**DIRECTIONS FOR THIS TASK**
What is needed is an exact transcription of the line containing "Aria double front" and every line after it through the end of the entries below, with no pictures.

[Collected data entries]

^^^^^^^^

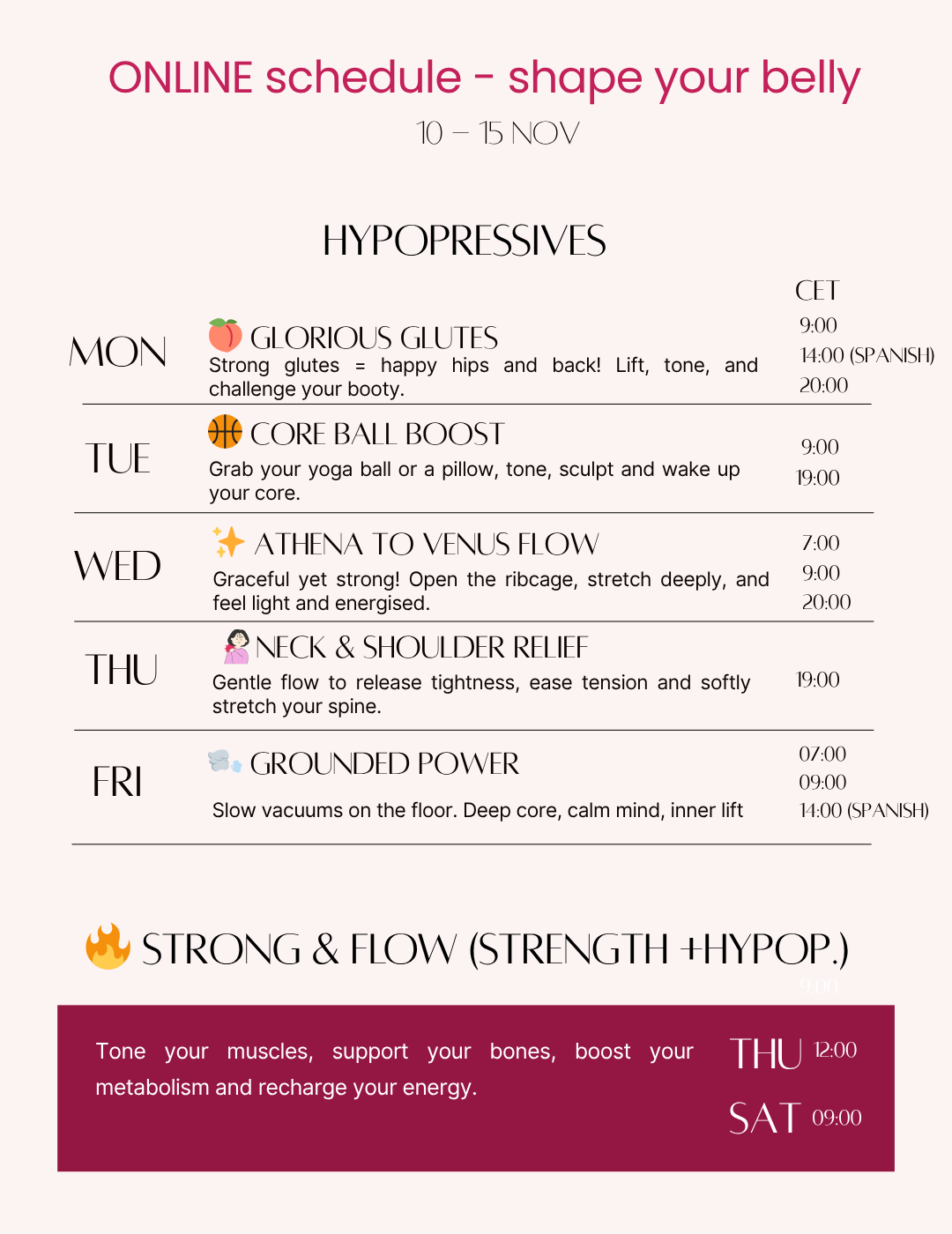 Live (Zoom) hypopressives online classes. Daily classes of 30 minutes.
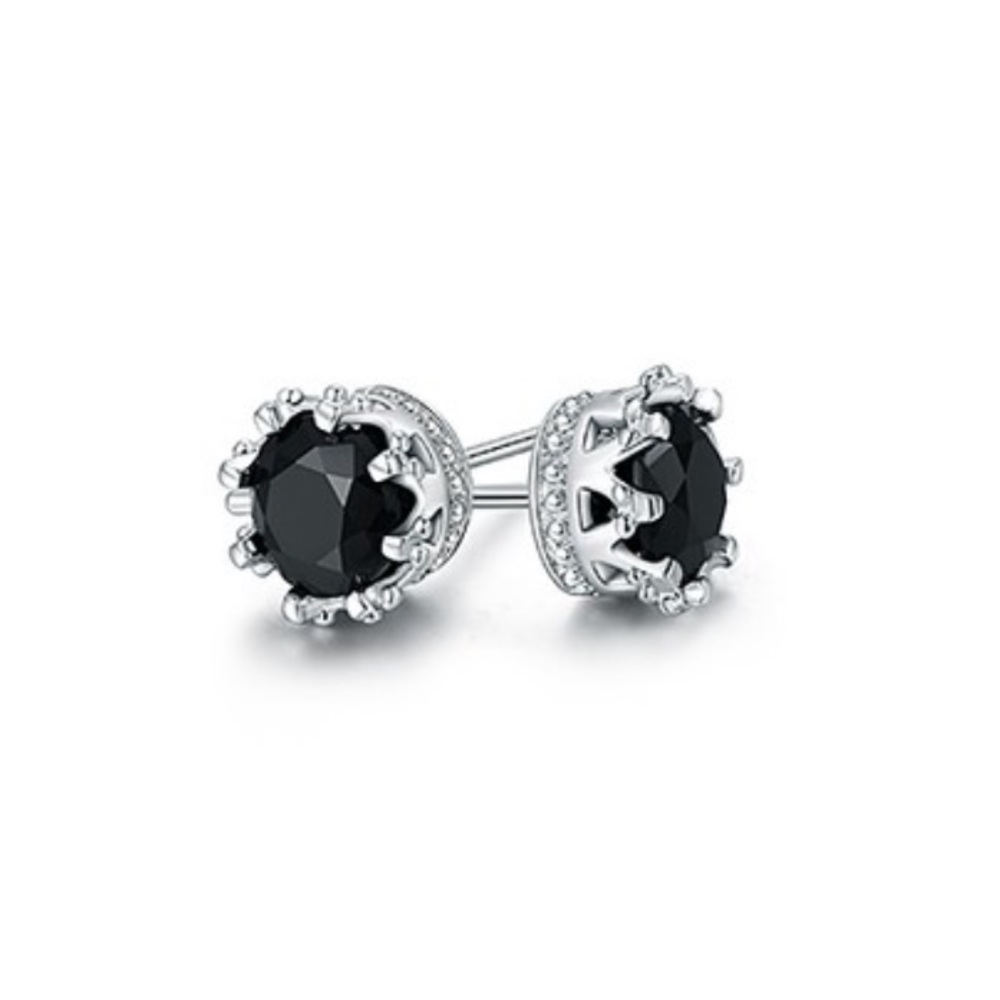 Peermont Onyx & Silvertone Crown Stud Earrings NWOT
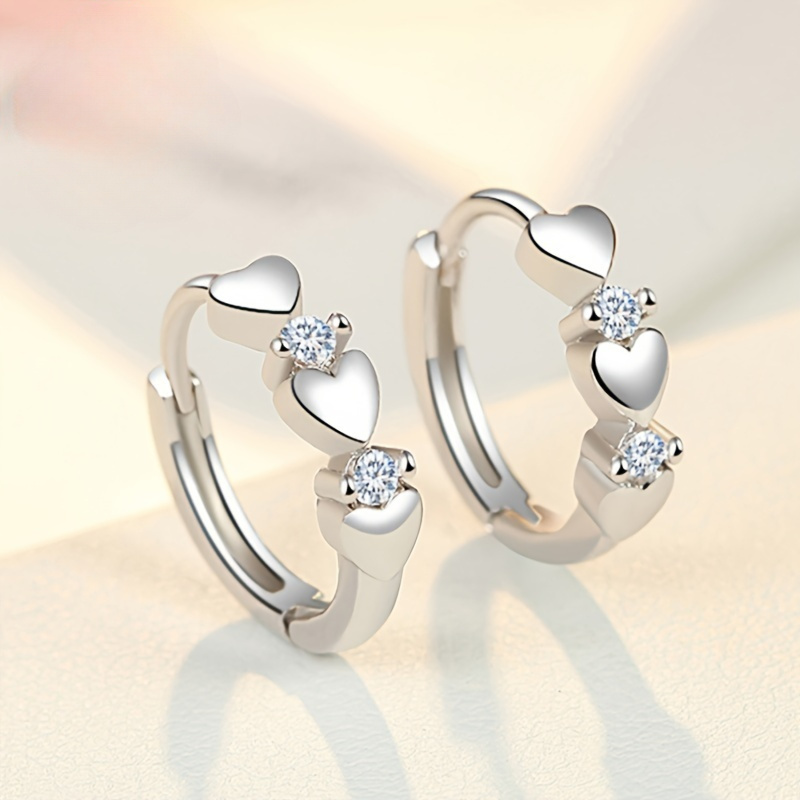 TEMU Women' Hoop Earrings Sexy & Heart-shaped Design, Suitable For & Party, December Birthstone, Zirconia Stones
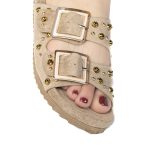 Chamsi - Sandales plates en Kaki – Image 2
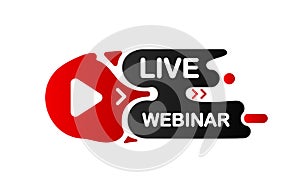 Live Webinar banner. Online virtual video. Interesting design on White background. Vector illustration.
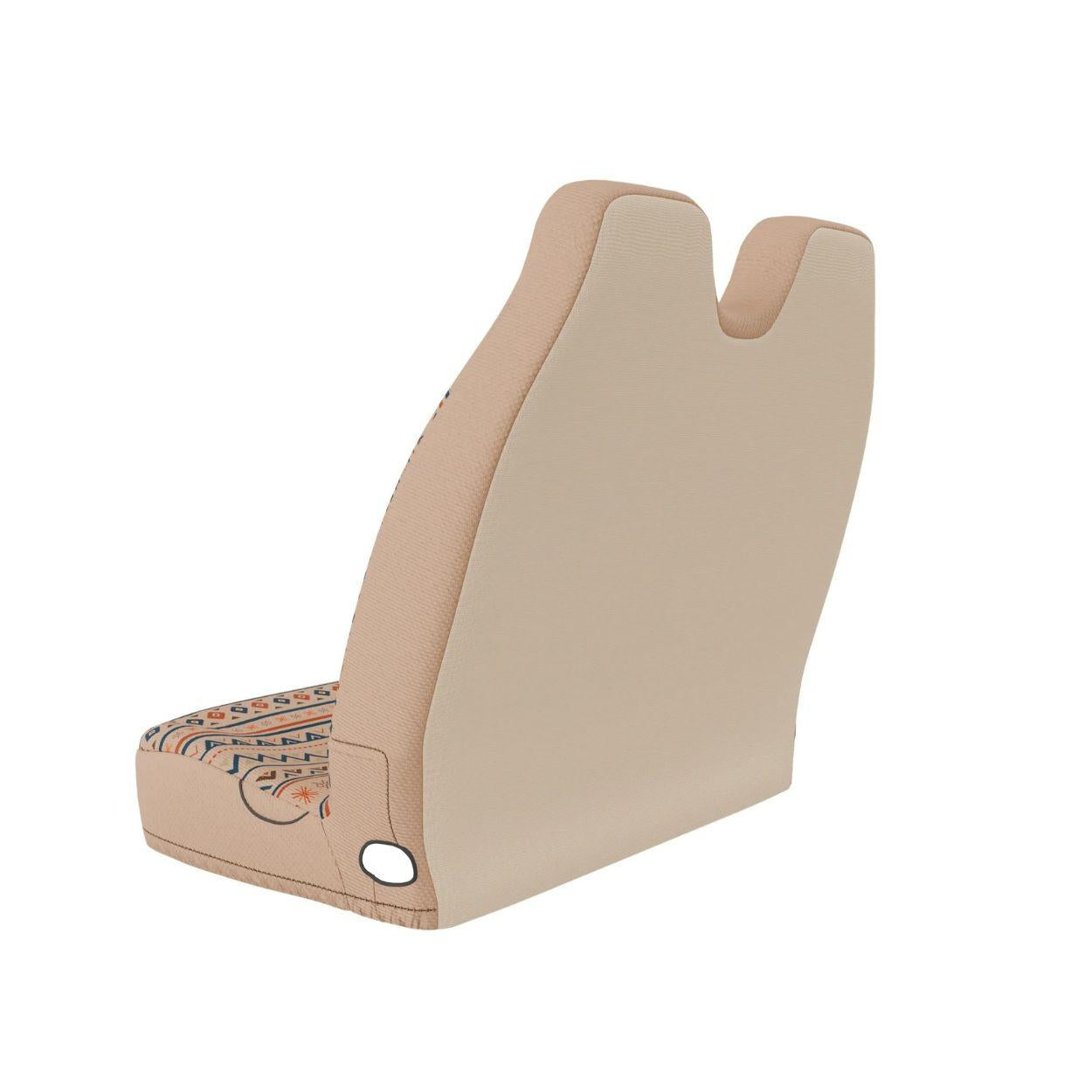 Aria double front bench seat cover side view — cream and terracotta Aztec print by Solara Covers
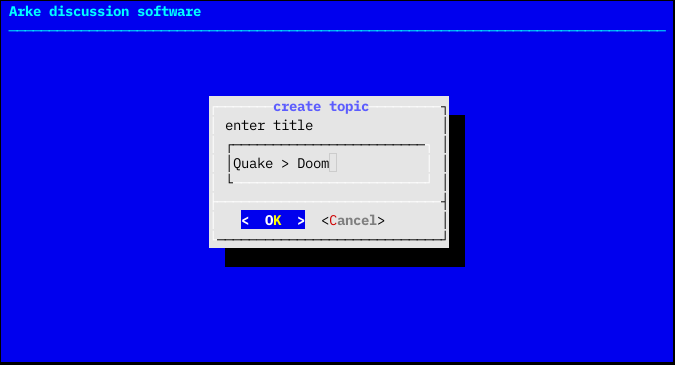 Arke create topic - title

^^^^^^^^

**TASK ANSWER**
 Aria double front bench seat cover side view — cream and terracotta Aztec print by Solara Covers
 Arke create topic - title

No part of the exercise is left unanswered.